あっという間に食べ終わり、モエは皆へのお土産を選びにショーケース前へと行ってしまった。私はその間にお手洗いを済ませ、彼女の元へ向かおうとした。
「あの、お姉さん」
迂闊だった。話しかけてきたのは毛利蘭だ。お手洗いからショーケースまでの最短ルート上に彼女達の席があったのか。声を発せず顔だけをそちらに向けると、2人ともいい笑顔でこちらを見上げていた。そうだね、彼女達に罪はない。私の方に勝手に事情が存在するだけだ。
「さっきはありがとうございました」
「おかげで目的のフォンダンショコラが食べれて超ハッピーです!お姉さんもぜひ今度食べてください!」
さすがヒロイン様達、笑顔がめちゃくちゃ可愛い。そうだね、フォンダンショコラを譲ってくれた優しい通行人Aでここを流してしまえばいい。今後この町に近付かなければとりあえず現状維持はできる。もし心変わりして本格的に関わる事になったとしても心の準備は欲しい。

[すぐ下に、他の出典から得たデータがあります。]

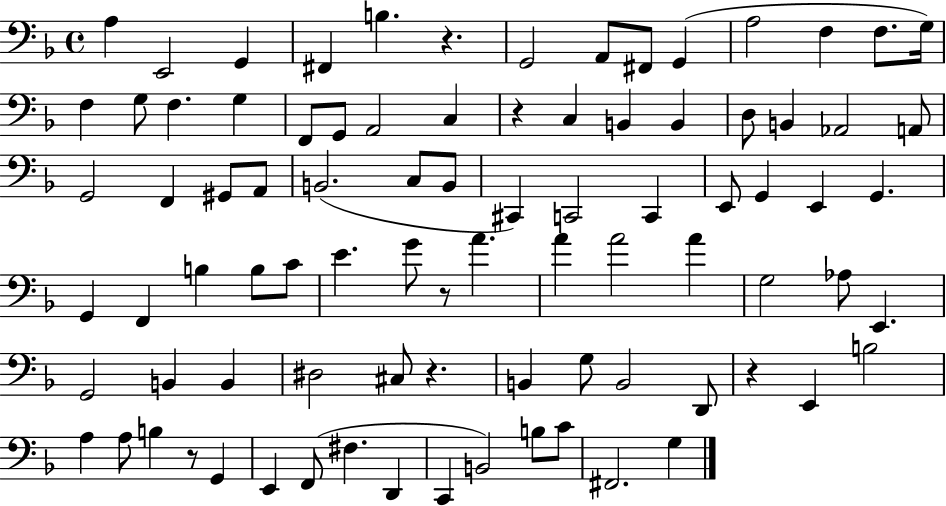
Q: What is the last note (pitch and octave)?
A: G3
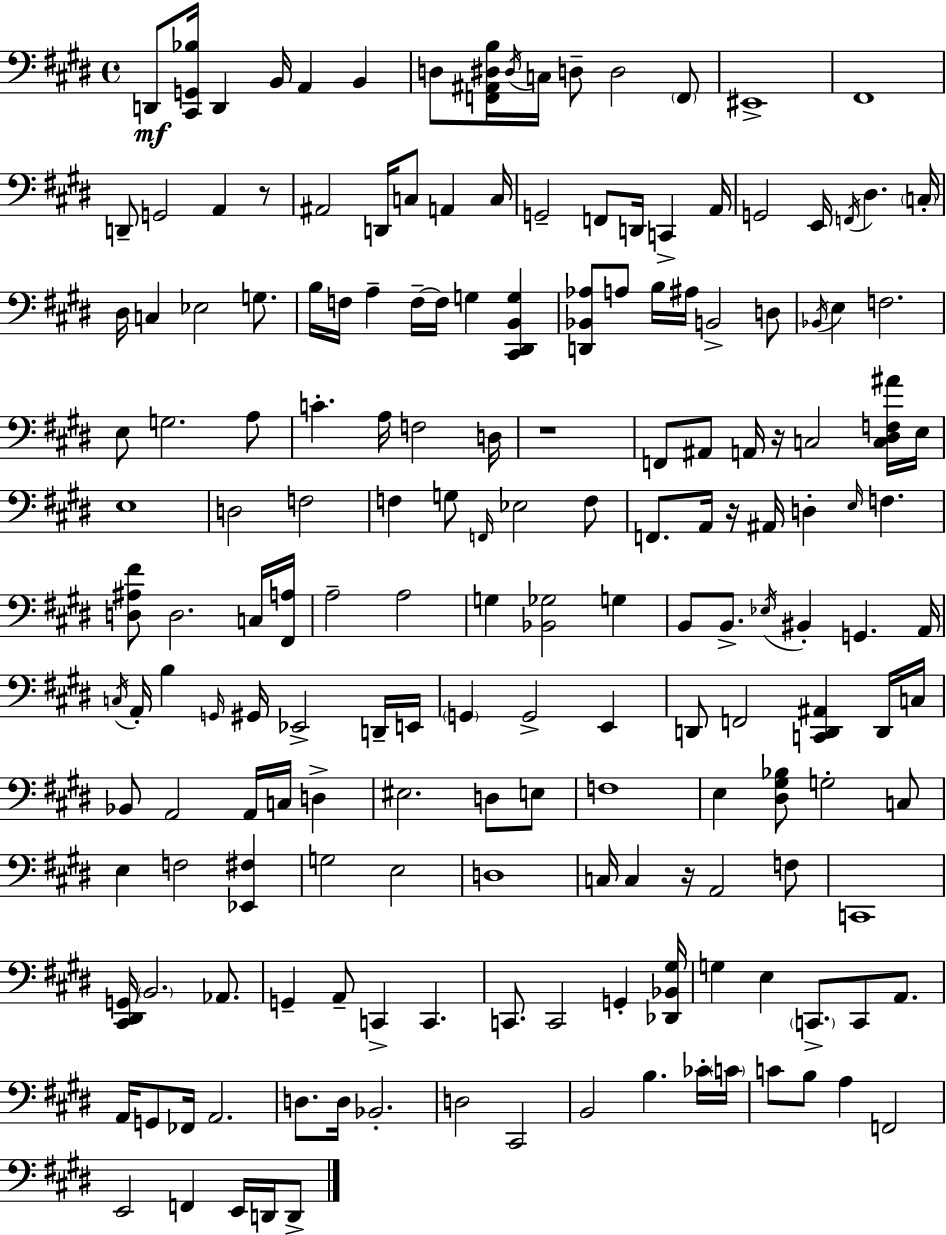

ここは歳上の余裕を見せてにっこり別れるのがベターだろう。
「気にしないでください。ガトーショコラも美味しかったから、今度はそっちもどうぞ」
ぜひそうします!と元気に返事をしてくれる2人に手を振って、すでにお土産の会計を済ませているモエの元へ急いだ。
「よし帰ろうさあ帰ろう今すぐ帰ろう」
「な、なにどうしたのいずみ。ケーキ美味しくなかった?」
「いや、めちゃくちゃ美味しかった」
でっしょー、と上機嫌のモエは、ちゃっかり自分用のお土産まで買っていた。また来ようね、と楽しそうな声に曖昧に笑って返事をするに留める。いや〜できればもう来たくないです。
大学までの道中、正直あまり記憶がない。気が付けば談話室まで戻っており、室内にはチーズケーキを頬張る幸せそうなイノちゃんがいた。これ幸いだとモエがそっと紙袋を差し出す。
「イノちゃん、これお土産です〜」
「あら萌木さん、ありがとう。・・・わざわざ、米花まで、買いに行ってくれたの?」
にっこり、と音が聞こえそうなほど完璧な笑顔のイノちゃんを見て悟った。モエも固まっている。
「美味しいチョコレートのお礼に、卒研テーマ、じっくり一緒に考えてあげますね。さ、チーズケーキ食べますか?」
「ヨロシクオネガイ、シマス・・・・・・」
「ああ、佐原さんはあのテーマで方向性はいいと思いますが、今週中にもう少し詰めましょうね」
「はーい。失礼しまーす」
モエの手元から、武地と三田原へのお土産袋をかすめて談話室を後にした。「薄情者ー!」と聞こえた気がしないでもないが、私には関係のない話である。サボったあんたが悪い。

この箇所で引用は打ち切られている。